The great masters: Yoji Fujimoto Sensei (Part 3)

In an interview dedicated to children published in Kodomo magazine, Fujimoto thought on aikido:

“The name aikido is made up of three words: ai which means union, harmony; ki is the energy of the universe that according to us Japanese makes all things live: men, animals, plants, our planet; do instead means away, a path where you learn something.

So its translation could be the way of union with the energy of the universe. Aikido is not used to fight or to hurt someone but it teaches to create harmony with people, to try to get along with someone even if it wants to hurt us. Difficult. But interesting.”

At a time when Fujimoto’s teaching and dialectics seemed to have reached their peak, the teacher was diagnosed with a tumor with a poor prognosis.

From that moment, those who have been able to follow him closely can say with absolute certainty, his senses have sharpened, his determination has become inflexible: he felt the duty to leave as much of himself as he could, without omitting anything, putting whoever trusted him to continue on the path indicated by him without detours. To then leave this world, without regrets.

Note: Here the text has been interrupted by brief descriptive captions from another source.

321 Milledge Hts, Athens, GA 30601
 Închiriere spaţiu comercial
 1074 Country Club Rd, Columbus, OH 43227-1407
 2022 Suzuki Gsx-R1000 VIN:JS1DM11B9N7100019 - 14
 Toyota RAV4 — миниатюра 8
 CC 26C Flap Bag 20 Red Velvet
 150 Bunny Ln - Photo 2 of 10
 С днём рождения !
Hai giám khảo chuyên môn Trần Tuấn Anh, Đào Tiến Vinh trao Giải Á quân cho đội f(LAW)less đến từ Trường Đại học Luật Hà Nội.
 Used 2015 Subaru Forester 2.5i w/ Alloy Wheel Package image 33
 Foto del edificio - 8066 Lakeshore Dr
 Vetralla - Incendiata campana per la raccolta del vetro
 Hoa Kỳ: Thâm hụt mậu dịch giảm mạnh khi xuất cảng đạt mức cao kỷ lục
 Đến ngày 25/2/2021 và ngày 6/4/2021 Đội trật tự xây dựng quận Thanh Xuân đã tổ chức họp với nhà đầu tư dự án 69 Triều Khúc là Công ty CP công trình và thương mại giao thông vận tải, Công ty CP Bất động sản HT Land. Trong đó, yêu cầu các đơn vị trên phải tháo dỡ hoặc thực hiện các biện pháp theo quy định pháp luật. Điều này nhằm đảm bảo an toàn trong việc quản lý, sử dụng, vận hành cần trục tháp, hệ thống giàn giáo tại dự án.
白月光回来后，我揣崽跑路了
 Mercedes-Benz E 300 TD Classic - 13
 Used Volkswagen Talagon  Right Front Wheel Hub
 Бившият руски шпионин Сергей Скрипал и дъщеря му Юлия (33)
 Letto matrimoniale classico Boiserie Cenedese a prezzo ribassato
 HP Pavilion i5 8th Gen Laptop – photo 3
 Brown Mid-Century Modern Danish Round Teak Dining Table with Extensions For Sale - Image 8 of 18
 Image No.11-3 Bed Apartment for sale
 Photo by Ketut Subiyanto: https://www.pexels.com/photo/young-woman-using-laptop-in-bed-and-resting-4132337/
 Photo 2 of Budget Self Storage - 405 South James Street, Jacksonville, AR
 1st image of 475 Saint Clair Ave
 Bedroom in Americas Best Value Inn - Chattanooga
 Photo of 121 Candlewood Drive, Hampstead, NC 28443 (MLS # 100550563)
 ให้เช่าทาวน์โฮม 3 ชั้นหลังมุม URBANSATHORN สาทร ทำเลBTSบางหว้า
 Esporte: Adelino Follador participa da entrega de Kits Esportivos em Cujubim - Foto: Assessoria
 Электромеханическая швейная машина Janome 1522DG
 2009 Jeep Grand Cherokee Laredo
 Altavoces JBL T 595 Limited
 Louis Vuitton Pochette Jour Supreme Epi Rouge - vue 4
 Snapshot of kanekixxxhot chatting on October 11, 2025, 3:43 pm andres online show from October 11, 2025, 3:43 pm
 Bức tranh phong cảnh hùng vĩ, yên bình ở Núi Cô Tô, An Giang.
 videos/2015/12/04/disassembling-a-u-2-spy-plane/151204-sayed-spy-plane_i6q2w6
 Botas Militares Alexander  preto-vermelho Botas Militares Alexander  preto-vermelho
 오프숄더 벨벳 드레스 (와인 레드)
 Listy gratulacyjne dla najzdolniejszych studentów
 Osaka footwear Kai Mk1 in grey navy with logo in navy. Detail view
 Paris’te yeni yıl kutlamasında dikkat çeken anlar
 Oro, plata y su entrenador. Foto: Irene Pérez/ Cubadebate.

If perfection could be of this world we could say that in the fulfillment of this mission the master has achieved it. He left us on February 20, 2012, with the serene awareness that he had done what he had to do for us. His ashes returned to Japan shortly after, to rest in the family tomb in Yamaguchi.

He left with us his indelible memory and his teachings: the technical one, which will be kept alive and continued by his disciples. And then, more difficult but absolutely necessary to preserve them, the cultural one, the moral one. The human one.